The Future of Information Filtering

Paul Canavese
Library and Information Studies 296A
Howard Besser
April 29, 1994

© NOTICE

This is a high-input society. It seems that not a minute may be wasted in consuming commodities and communicating with as many people as possible. But in a Babel of signals, we must listen to a great deal of chatter to hear one bit of information we really want.

Without significance, variety isn't the spice of life. It can be as dull as monotony when it has nothing to say... This is because to recognize a thing as new, one must be able to distinguish it from what is old... we can be surprised repeatedly only by contrast with that which is familiar... not by chaos.

- Orrin Klapp, Overload and Boredom: Essays on the Quality of Life in the Information Society

Never before has so much information been available to the general public. And never before has the flow of newly-created information been greater. There has also never before been a time when so much information has been available in an electronic form.
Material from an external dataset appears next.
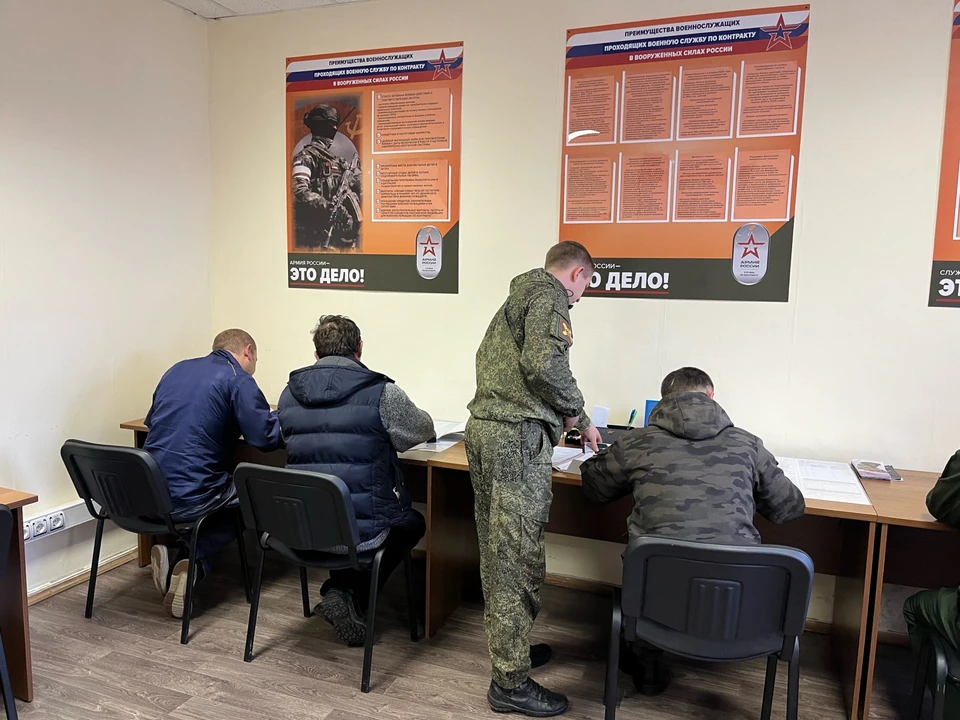 Фото: пресс-служба администрации Костромской области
We live in an "Information Age," the extent of which is growing by the minute. "We have for the first time an economy based on a key resource that is not only renewable, but self-generating," notes John Naisbitt in Megatrends. "Running out is not a problem, but drowning in it is."

So, as information production continues to increase, the areas of study geared toward extracting the information we want become increasingly important. As the stream of data has become wider, more and more people are realizing that they simply cannot process it all in time. These people need a plan for processing this information, and many will look to computers to implement these plans through an information filtering system.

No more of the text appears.